Leaving Iraq

There's a genre of fiction called alternative or "what if" history. As in, what if Confederate Gen. Robert E. Lee defeated the Union at the Battle of Gettysburg? Or, what if Hitler had not been born?

Or, what if the United States had not invaded Iraq?

That's a fair question, now that U.S. troops have withdrawn , prompting the question: "Was the Iraq War worth it?"

We well know about the horrible costs of the war: almost 4,500 American troops and tens of thousands of Iraqis killed and more than $1 trillion spent. But while we've heard a lot about the cost side of this equation, we've heard not so much about the benefit side. It's as if there was no benefit.

And a good way to calculate the benefits is to ask: What if President George W. Bush and Congress had decided in 2003 not to attack the tyrannical and murderous regime of Saddam Hussein? With the support of much of the American public.

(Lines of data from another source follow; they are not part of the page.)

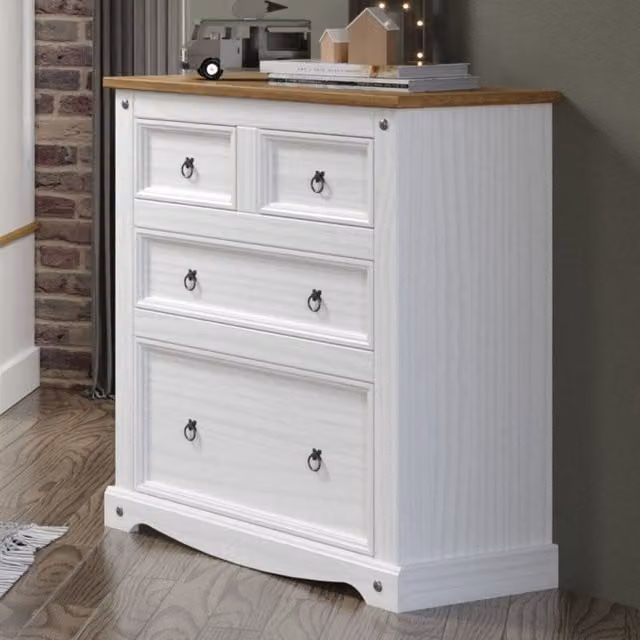 Corona White Washed Pine 2 over 2 Drawer Chest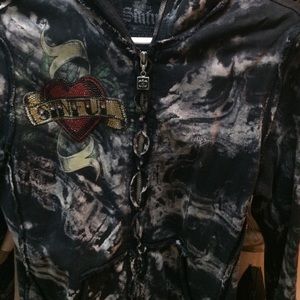 Sinful black zip hoodie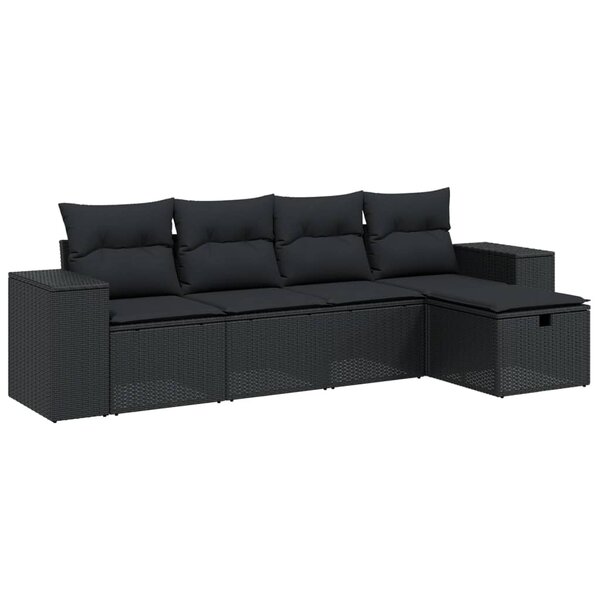 vidaXL Salon de jardin 5 Pièces avec coussins noir résine tressée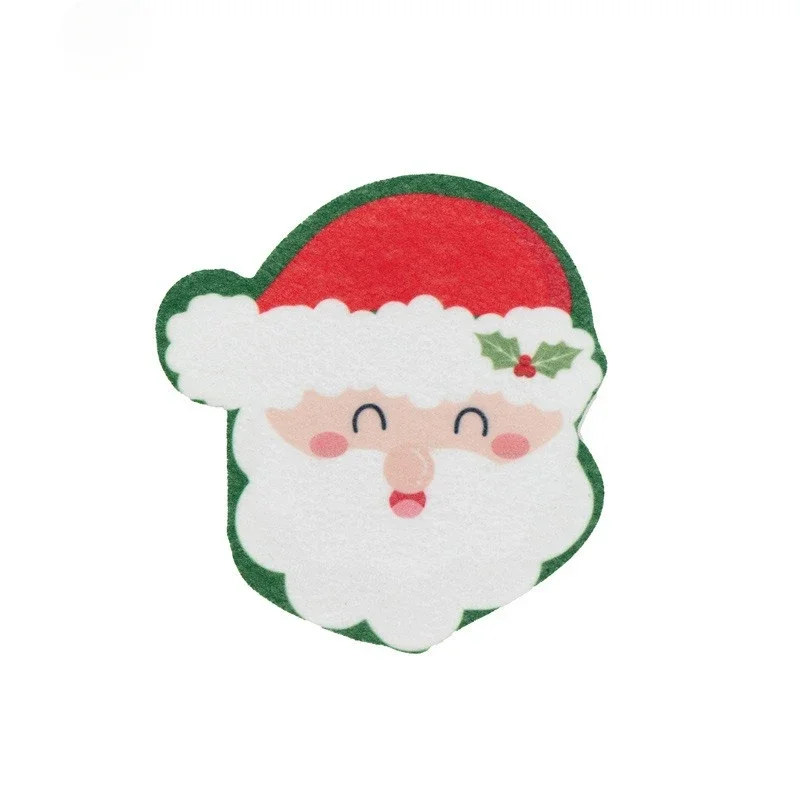 Cleaning Sponge Rubs Santa Claus Dish Brush Wood Pulp Cotton Wipe Christmas Shape Dishcloth Kitchen Bathroom Cleaning Supplies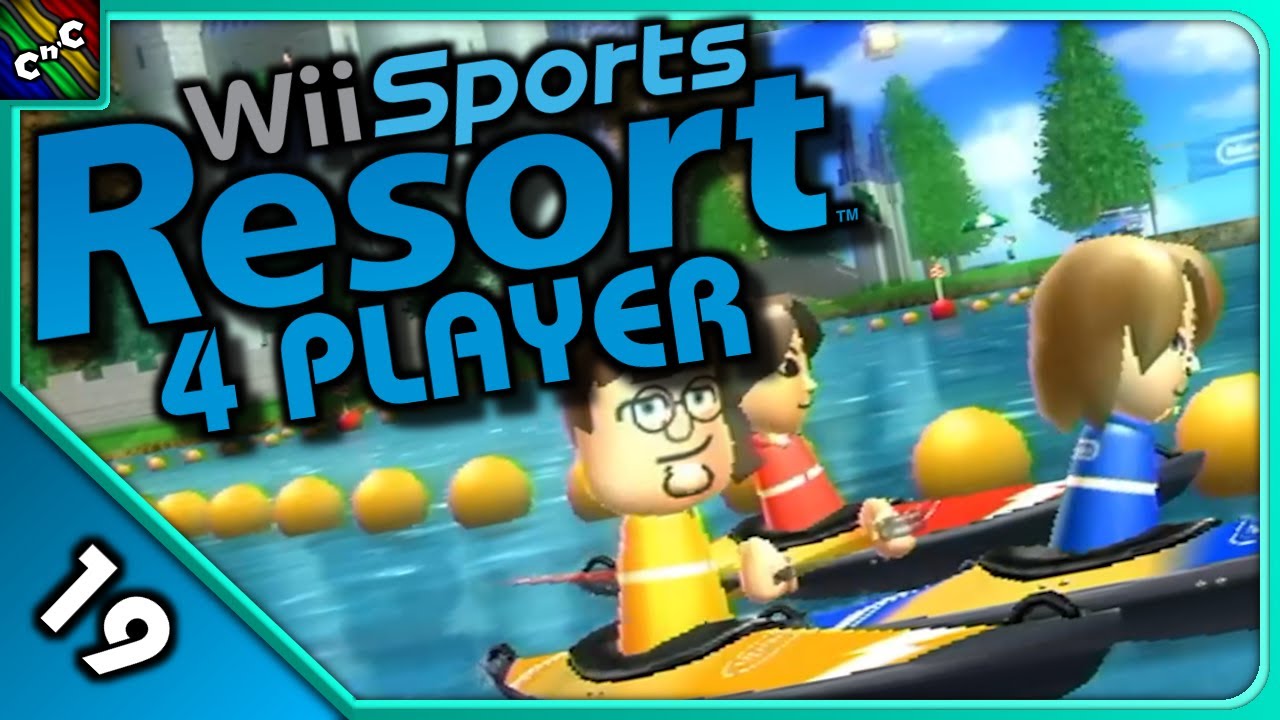 VERSUS CANOEING! | Wii Sports Resort 4 PLAYER LETS PLAY Episode 19 | Couch Plays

Saddam, always a destabilizing force in the Middle East, would still be terrorizing his people and his neighbors as he did when he invaded Kuwait. He would have continued to support terrorist activities. He would be in a nuclear arms race with his sworn enemy, Iran. Perhaps he would have renewed the decadelong war he had with Iran. Perhaps he would have been at war again with his own Kurds, gassing them once again. Sunni and Shiite fractures could have bled beyond Iraq, turning the entire Middle East into a sectarian battlefield.

The Iraq War, besides giving Iraqis a chance to live in freedom, broke an unbroken chain of hostile, anti-American dictatorships linking Syria, Iraq and Iran. And made a statement about America's willingness to use power in its own interests. Only the most naive or ideologically sightless would argue that this benefit does not advance American goals.

This always has been about more than whether Saddam had weapons of mass destruction. To explain why the roots of the war were more expansive, I turn to Kenneth M. Pollack, a scholar affiliated with the liberal Brookings Institution. In his 2002 book, "The Threatening Storm," Pollack detailed what options he thought the U.S. had in dealing with the dangerous Saddam, and concluded that the only real option was a full-scale military invasion and rebuilding "Iraq as a prosperous and stable society for the good of the United States, the Iraqi people, and the entire region."

For those who think that the sole reason for going to war was to discover weapons of mass destruction, Pollack's book provides a valuable review of the complexities that led up to the war. Pollack, whose book gave liberals cover to support the start of the war, acknowledged that the potential risks and costs of the war were high. But worth it.

The Bush administration's fault was its failure to adequately plan for "a prosperous and stable society," believing that all it had to do was throw the bum out. Only the U.S. troop surge, four years after Saddam was literally driven underground, prevented the entire exercise from collapsing into a shambles.

We should not minimize Saddam's proven human rights violations, as if they ought to be no concern of ours. Only a fool would assert that the Iraqis were better with the "stability" that is sustained by a tyrant's brutality. With or without weapons of mass destruction, Saddam was a madman.

Pollack, quoted in The Christian Science Monitor in a postwar assessment, said: "The U.S. is not going to forget for a while the botched reconstruction effort in Iraq. The lesson is that invasion is the easy part, while reconstruction is very, very hard and takes a major extended effort. And if you're not prepared to do that, then you don't do it at all."

How true. Bush and his administration wear the jacket for botching reconstruction, but that does not negate the wisdom of removing Saddam in the first place.

Now it's President Barack Obama's turn. By summarily withdrawing U.S. troops in the manner he has, he could make the entire effort "not worth it." And with the first rupture appearing between partisan Sunnis and Shiites the day after American peacekeepers left, it looks like Obama has made a good start of botching it.

By Dennis Byrne, a Chicago writer who blogs in The Barbershop at chicagonow.